WHAT YOU NEED TO DO: The expected result is the full set of records, copied precisely, with images dropped.

MATERIAL PROVIDED:
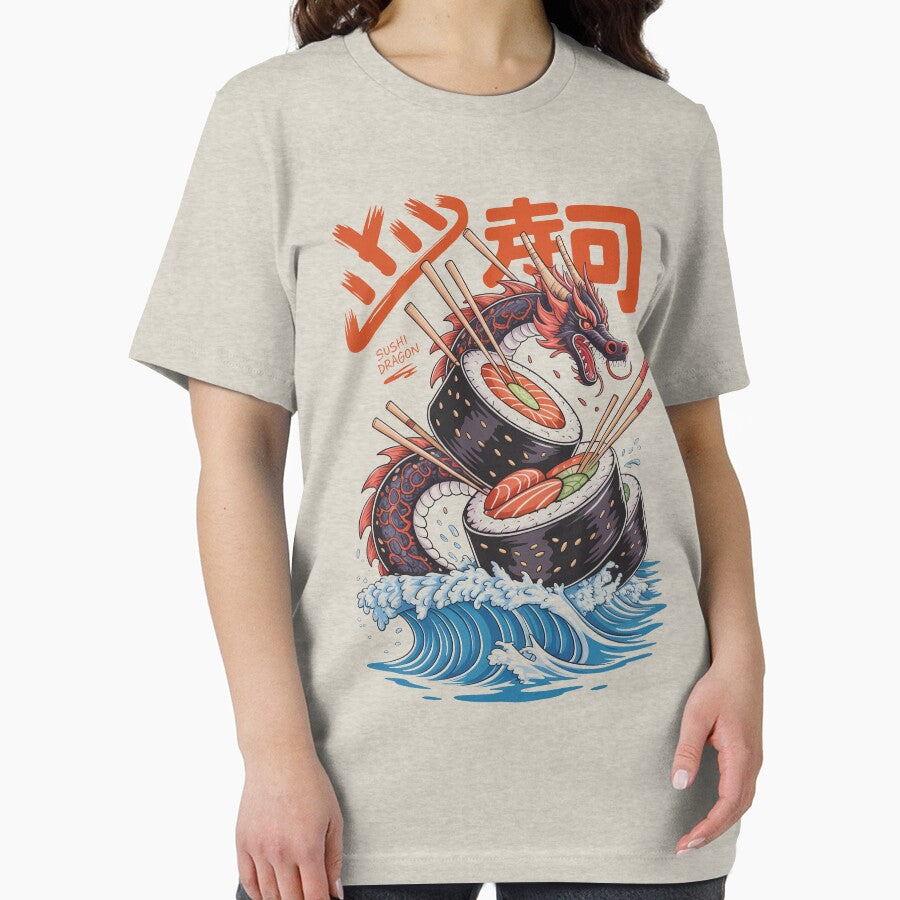 Sushi Dragon Japanese Wave Art by Shirtinho Store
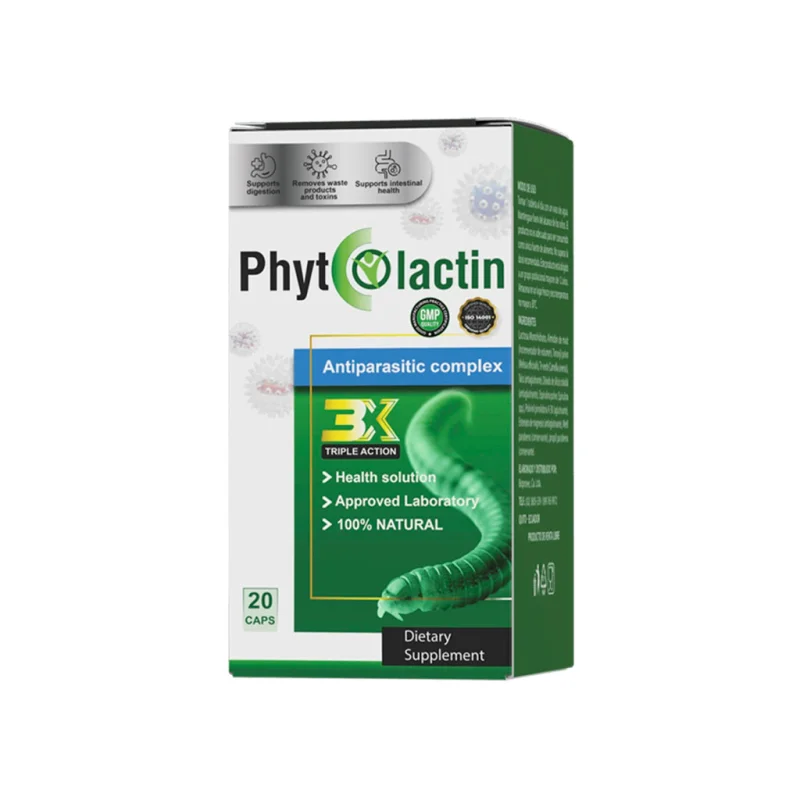 Phytolactin carton with the composition printed on the side panel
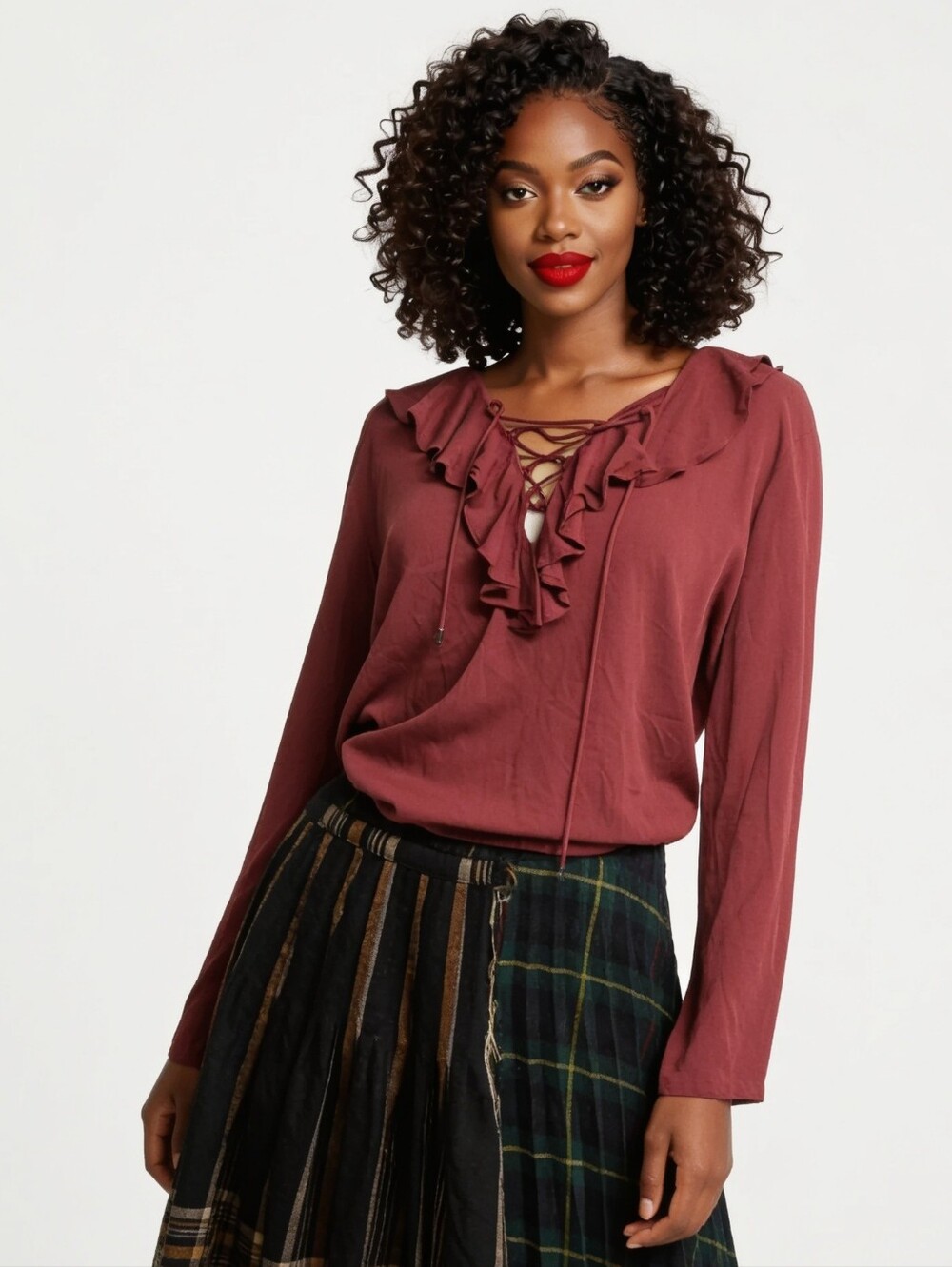Guess Romantic Ruffle Front Lace Front Vneck Burgundy Blouse Size XL*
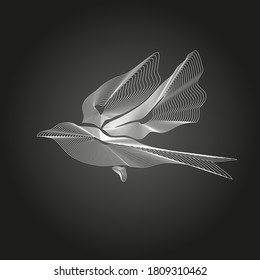 Linearer weißer Vogel auf dunklem Hintergrund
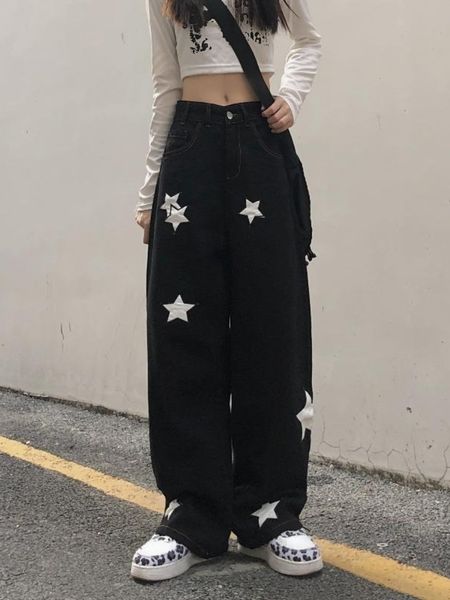 

womens jeans houzhou y2k retro streetwear black cargo jeans women gothic punk vintage kpop print wide leg denim panrts female autumn trouser, Blue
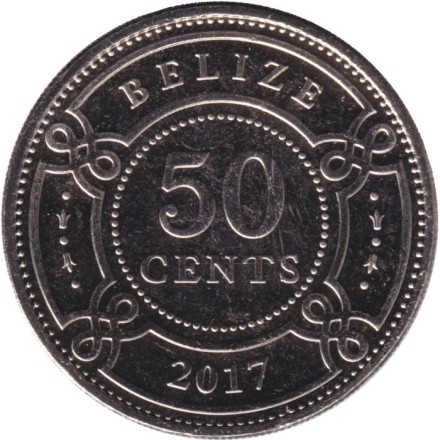 Монета 50 центов. 2017 год, Белиз. Монета 50 центов. 2017 год, Белиз.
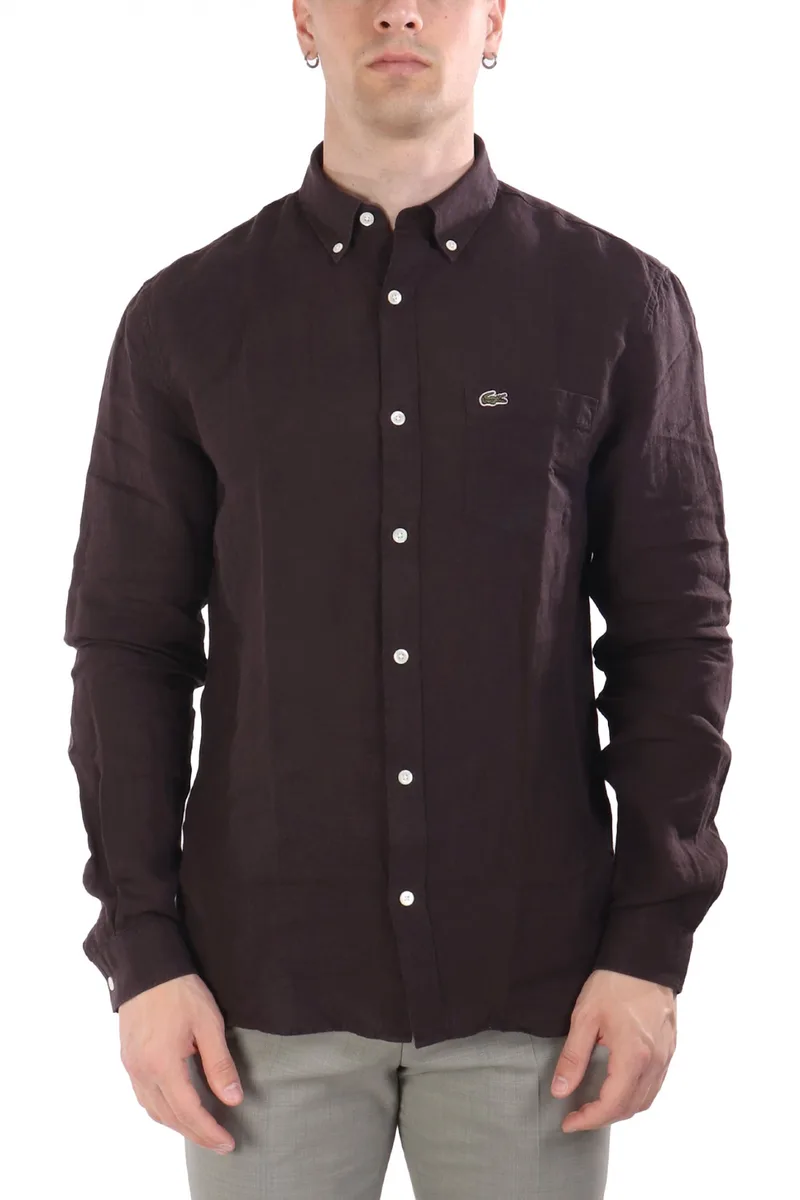 LACOSTE ΠΟΥΚΑΜΙΣΟ BUTTON DOWN ΛΙΝΟ LOGO POCKET ΚΑΦΕ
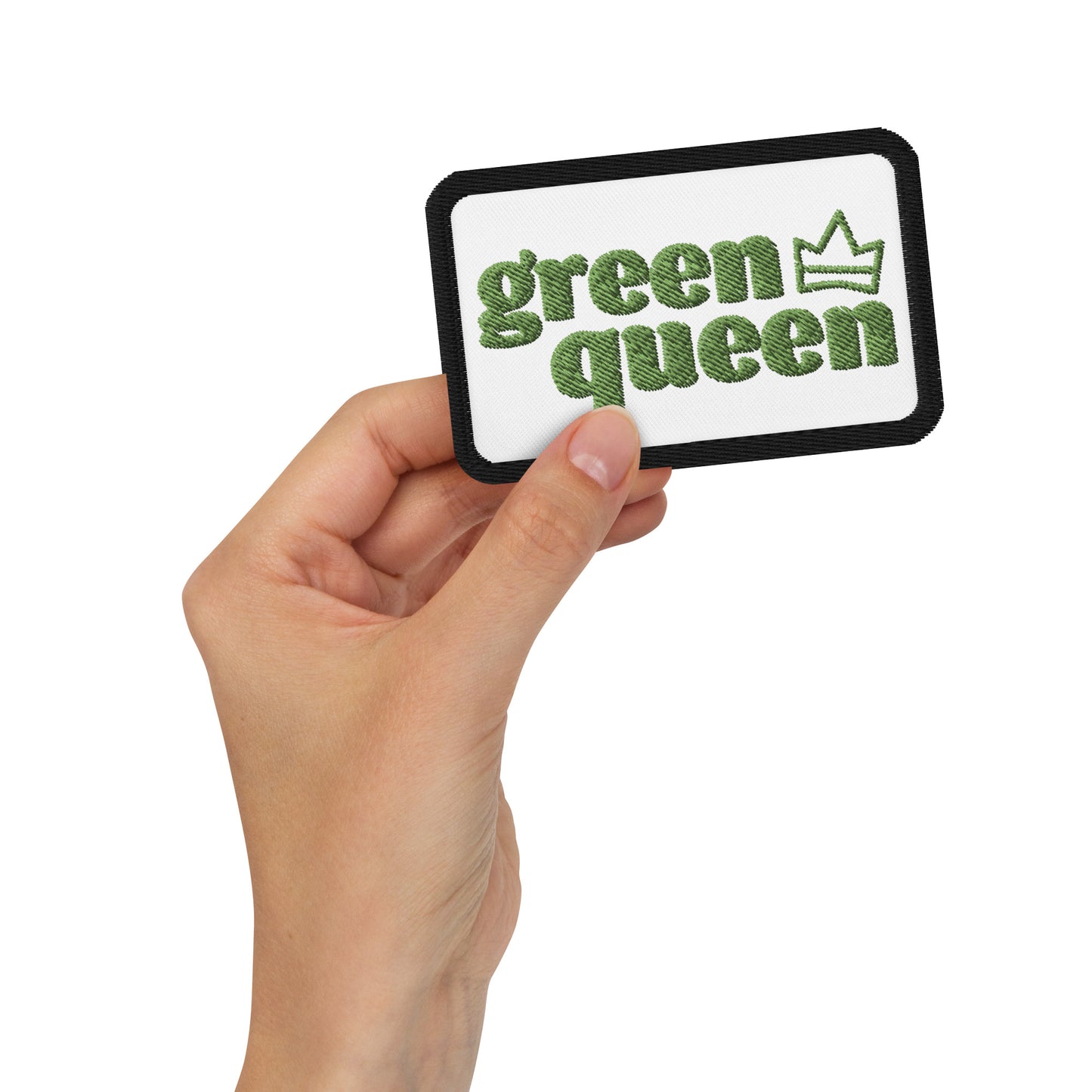 GREEN QUEEN embroidered patch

EXERCISE OUTPUT:
 Sushi Dragon Japanese Wave Art by Shirtinho Store
 Phytolactin carton with the composition printed on the side panel
Guess Romantic Ruffle Front Lace Front Vneck Burgundy Blouse Size XL*
 Linearer weißer Vogel auf dunklem Hintergrund

womens jeans houzhou y2k retro streetwear black cargo jeans women gothic punk vintage kpop print wide leg denim panrts female autumn trouser, Blue
 Монета 50 центов. 2017 год, Белиз. Монета 50 центов. 2017 год, Белиз.
 LACOSTE ΠΟΥΚΑΜΙΣΟ BUTTON DOWN ΛΙΝΟ LOGO POCKET ΚΑΦΕ
 GREEN QUEEN embroidered patch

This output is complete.